On that site, if you dug down more than about a foot and a half, you hit coal ash fill. Everything growing in that yard pretty much grew in that narrow strip of top soil on top of the fill.
Having dug a lot of post holes by hand, I just assumed that you had a breaker bar. I wouldn't think of using a manual post-hole digger without one. Mine is about six feet long with a sharp tip on one end and flattened 'tamper' on the other end. Probably weighs, oh, maybe 30 pounds. With the help of gravity, you use it to break up the soil or whatever you hit (it's got enough cojones to bread rocks) and then you use the post hole digger just to remove what you've broken up. It's still hard work, but not as tough as just using the digger.
Maybe I'll post some pix of the junk tomorrow.
Heather, cool--you'll have to let me know whether you find holes bored out where the tines are supposed to be! I just remembered why I knew that was a rake, too. My grandma has an old decorative one (made entirely out of wood) hanging on the wall of her front porch.
Craig, now THAT would have been a useful tool for Brian--er, us--to have! *grin* As it was, he was happy for my garden trowel. It's all metal (tough but light) except for a spongy material around the handle for gripping. It was at least easier to navigate in the hole than a full shovel.

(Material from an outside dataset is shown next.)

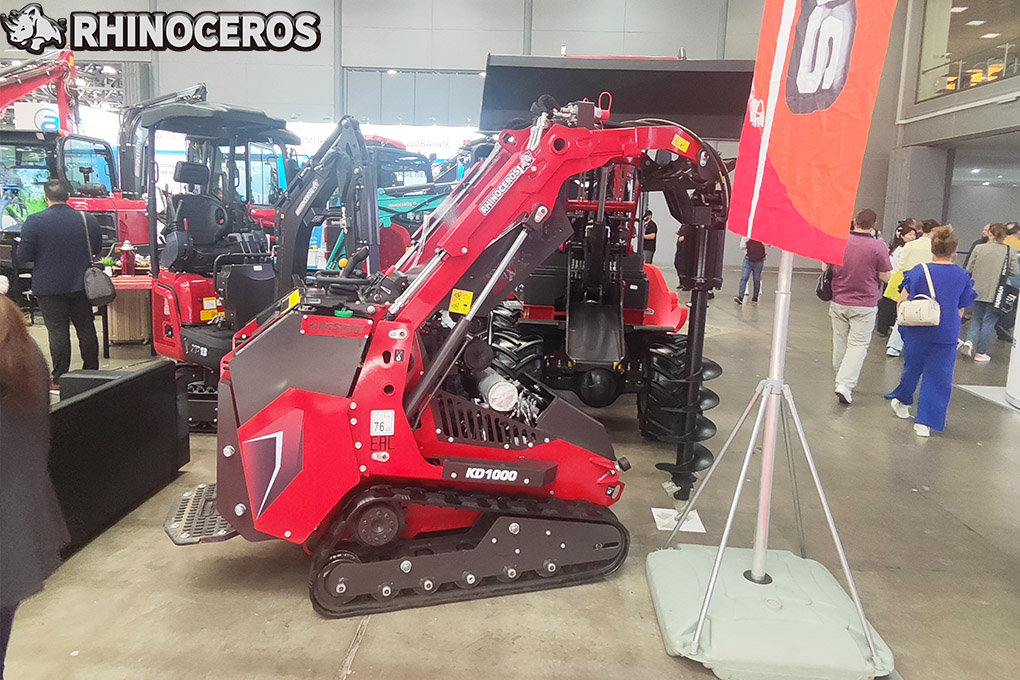 KS1000 Skid Steer bekerja di tapak yang padat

Sheep shears and an iron, eh? I guess I can see someone "losing" an iron but the sheep shears seem like something you would definitely keep track of. (Unless of course you lost the sheep first.) I hope you do post some pictures--that would be fun to see. Were the shears sharp yet?
I haven't found a lot while digging in my yard, other than some interesting rocks and a fossil. However, over at my sister's house, where we all grew up, she occasionally digs up one of our old marbles or plastic toys, which is fun for her kids.

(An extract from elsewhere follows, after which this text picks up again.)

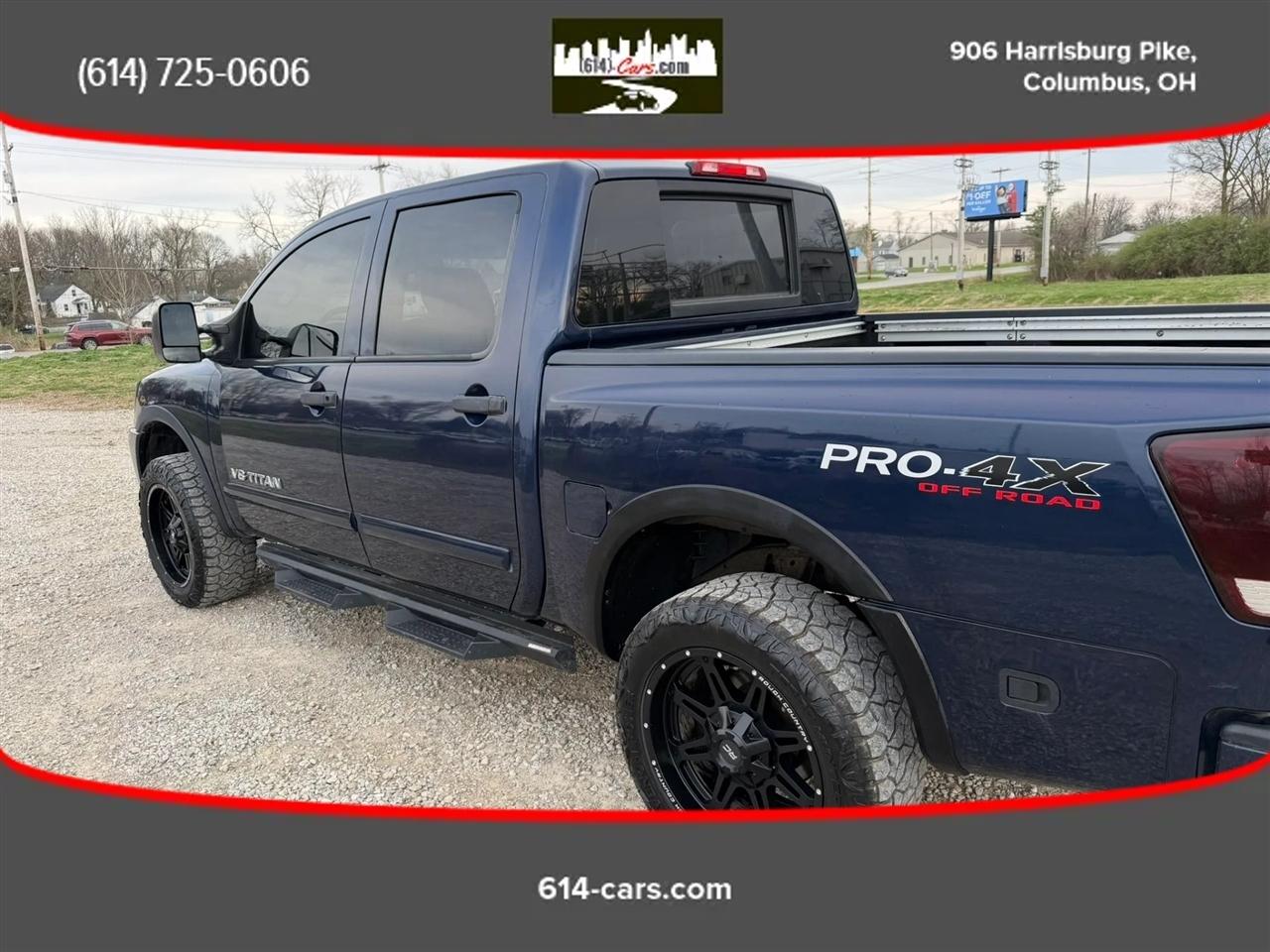 Nissan Titan SV Crew Cab 4WD 2012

What I want to know is who is burying stuff now in their gardens for the next gardener to find? I'll admit when I dug a post hole to set a post for my grape arbor, I threw in a little plastic box with some surprises (good surprises) for someone to find some day.
Carol at May Dreams Gardens
Like Kris, we found a sidewalk. But I live in an old farmhouse built in 1890 or there abouts. Lots of residents, everyone with their own idea of how things ought to be done.
My favourite find, though, is a tiny apothecary bottle with the raised-letters "T.E. Eaton" on the side. Eaton's is the name of a now-defunct department store that once had many chain stores across Canada. Nostalgia for Canadians.
Rocks can be a pain in more places than one! I have the big ones that are connected to the earth (ledge) in addition to every size imaginable! Love all your treasures but the pry bar is the best!
AHEM, Carol! What I want to know is what in the heck you buried in that little box... I can't believe you would tease us like that and not give us the details! (lol, okay, yes I can.)
Dirty Knees, I would love to find an entire bottle. Or a partial bottle with recognizable letters raised in the glass. How fun!
Layanee, I bet those ledges are a pain... but you do such nice things with the rocks and all of the other features of your yard. :)
I posted photos some time ago, here:
http://todayinthegarden.blogspot.com/search?q=archaeology
of a bunch of treasure we've unearthed. We sort of collect Fiesta ware & other colorful 40's pottry-- which makes it especially fun to find it here!
I think the weirdest thing I dug up was an old Army Jeep will installing drainage at someones house. Needless to say I got it covered back up before the inspector arrived and rerouted the pipes. It is still there today.
Another time I was planting some big trees and I dug down and found a 6 foot round drywell that was 6 feet deep. The sides were perfectly stacked field stone and the top was a huge piece of granite. I had been running all sorts of heavy equipment over it for weeks and thankfully it didn't collapse. There was no sign of pipes or any use I could figure out.
If you keep your eyes open around here it is fairly easy to find arrowheads.
Well, apart from tons of rocks, I've been finding blocks os cement,empty tunna fish cans,old brushes and of course bottles, beer botles by the look of it...The most interesting , in a kind of kreepy way, finding was a sheep's skull and the jaws of a dog/fox (we live in the country side, so finding animal bonnes is not that strange)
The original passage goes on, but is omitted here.